The Rust compiler uses LLVM for its back-end. LLVM’s execution can be a large part of compile times, especially when the Rust compiler’s front end generates a lot of IR which takes LLVM a long time to optimize.

These problems can be diagnosed with cargo llvm-lines, which shows which Rust functions cause the most LLVM IR to be generated. Generic functions are often the most important ones, because they can be instantiated dozens or even hundreds of times in large programs.

If a generic function causes IR bloat, there are several ways to fix it. The simplest is to just make the function smaller. Example 1, Example 2.

Another way is to move the non-generic parts of the function into a separate, non-generic function, which will only be instantiated once. Whether this is possible will depend on the details of the generic function.
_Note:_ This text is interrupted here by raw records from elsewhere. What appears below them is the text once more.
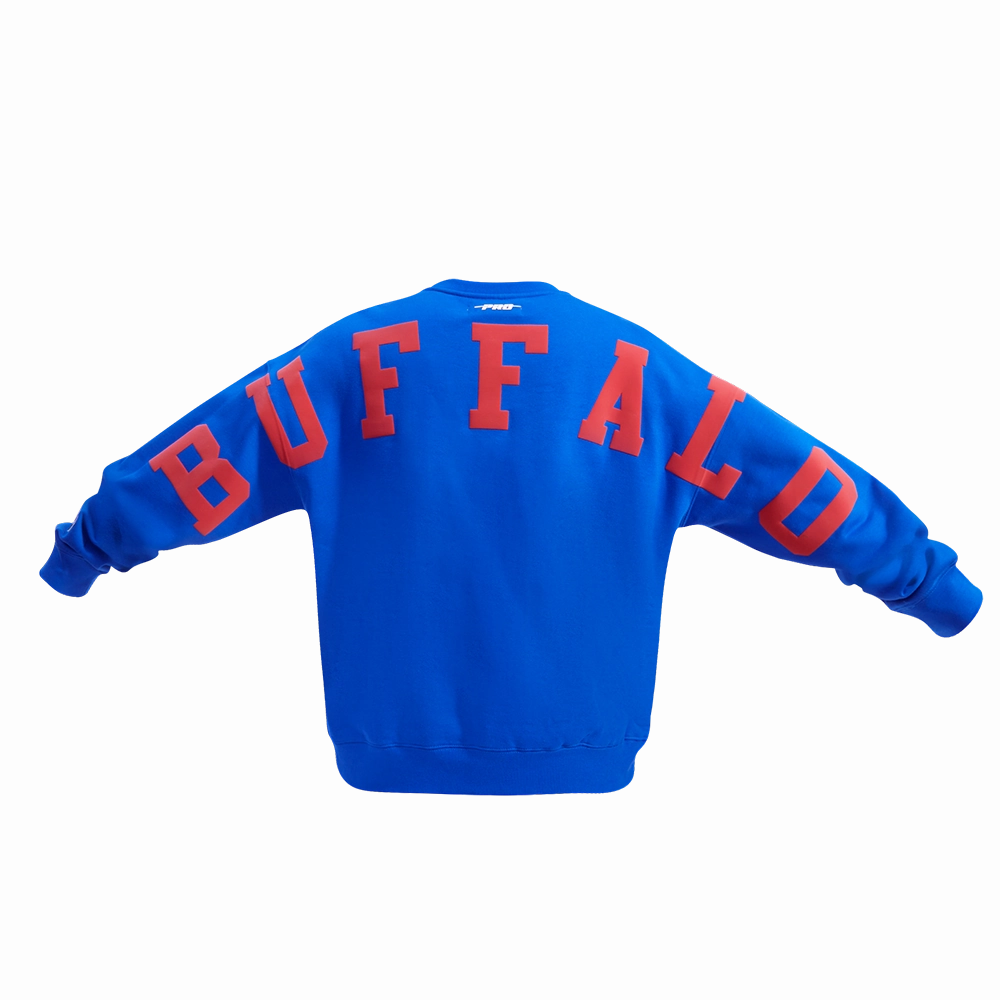 NFL BUFFALO BILLS WINGSPAN MEN'S DROP SHOULDER FLEECE CREWNECK (ROYAL BLUE)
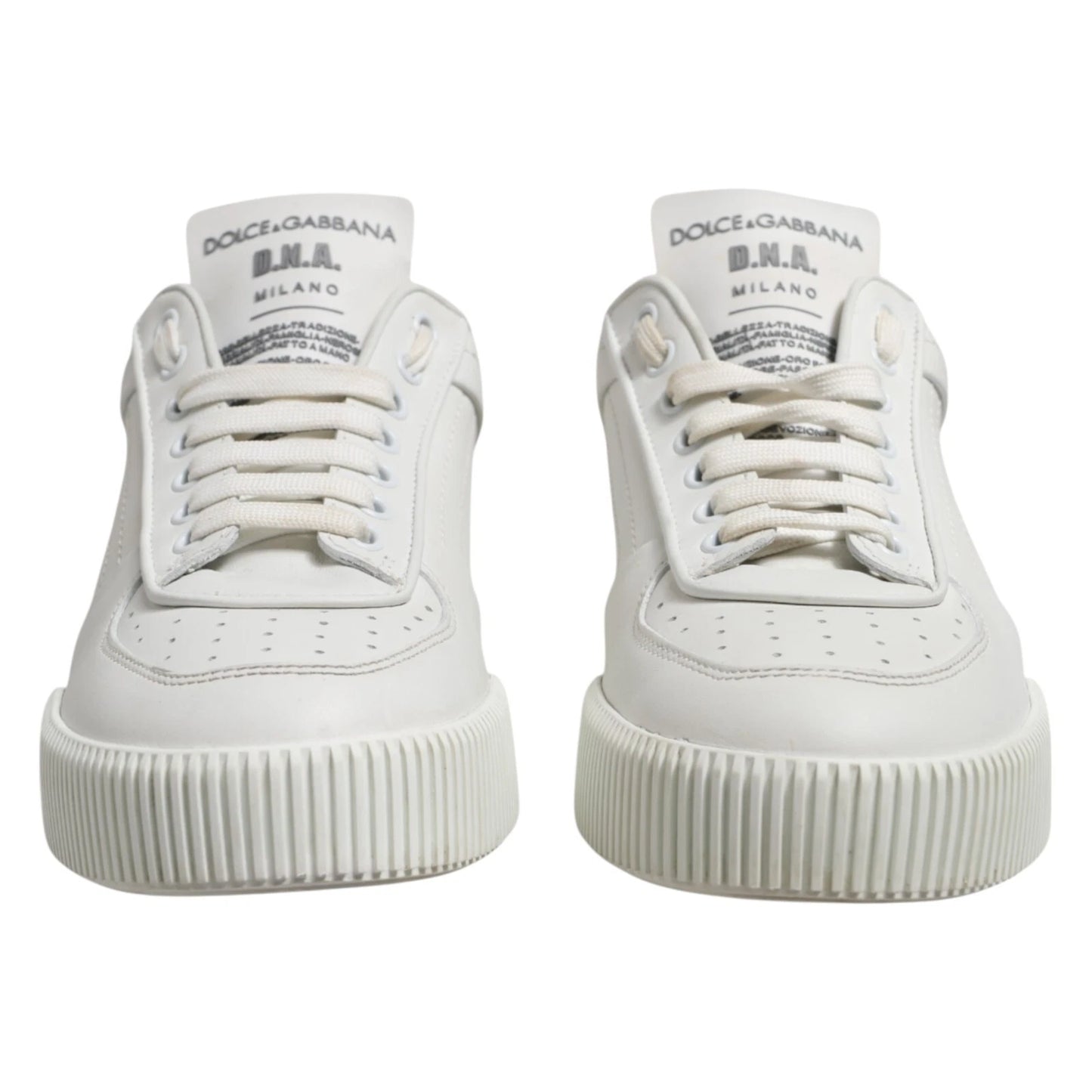 Dolce &amp; Gabbana White Miami Leather Low Top Men Sneakers Shoes
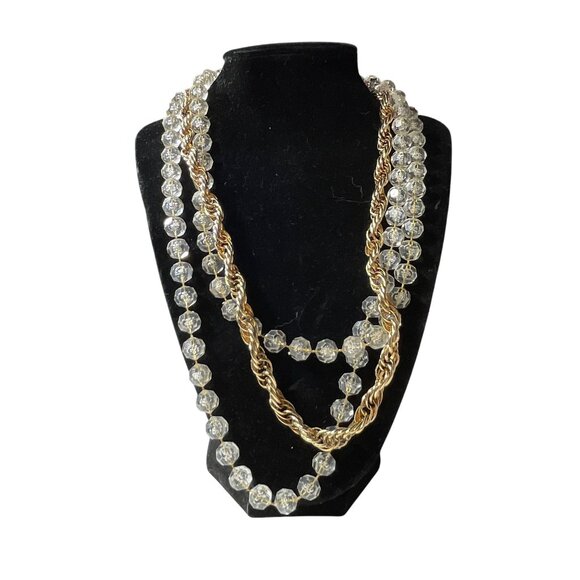Sarah Coventry Golden Ice 3 strand necklace Lucite beads and gold tone rope chai - Picture 3 of 9
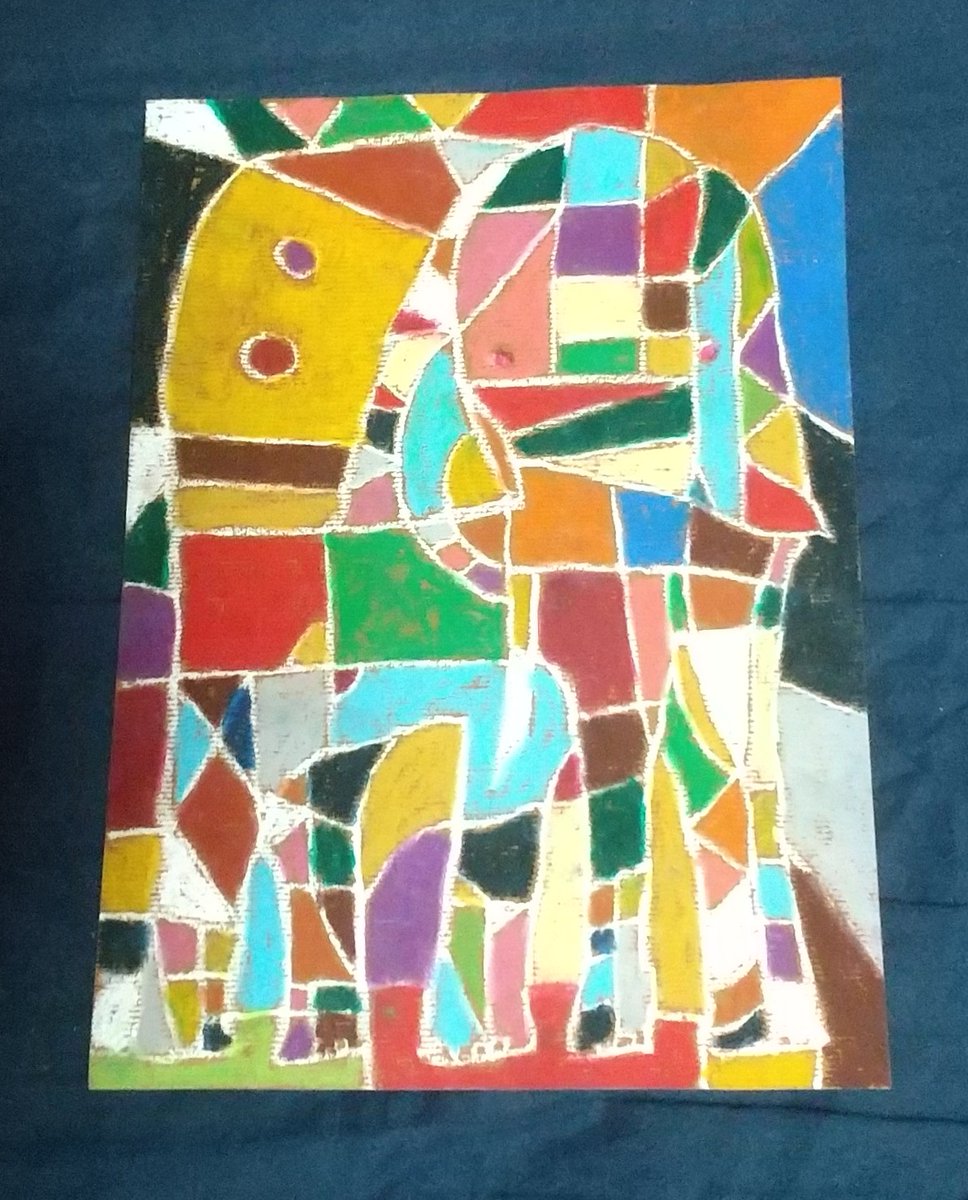 taiki30's tweet image. 額フレームよりクレパス作品、出してゆきました🌞額で見えてなかった箇所がワールドワイド、垣間見えてきました💫こちらのタイルカモフラージュシリーズ、今月はタンマリトントン、創作CREATEしてゆきますジャワ🌹 #illustration #画材 
#CREATE #design #デザフェス #象 #クレパス #art #色彩 #絵本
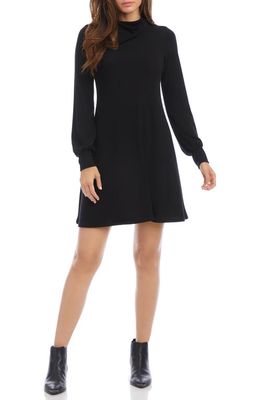 Karen Kane Draped Long Sleeve Sweater Dress in Black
When it is possible, the non-generic function can often be written neatly as an inner function within the generic function, as shown by the code for std::fs::read:

pub fn read<P: AsRef<Path>>(path: P) -> io::Result<Vec<u8>> {
    fn inner(path: &Path) -> io::Result<Vec<u8>> {
        let mut file = File::open(path)?;
        let size = file.metadata().map(|m| m.len()).unwrap_or(0);
        let mut bytes = Vec::with_capacity(size as usize);
        io::default_read_to_end(&mut file, &mut bytes)?;
        Ok(bytes)
    }
    inner(path.as_ref())
}

Example.

Sometimes common utility functions like Option::map and Result::map_err are instantiated many times. Replacing them with equivalent match expressions can help compile times.

The effects of these sorts of changes on compile times will usually be small, though occasionally they can be large. Example.

Such changes can also reduce binary size.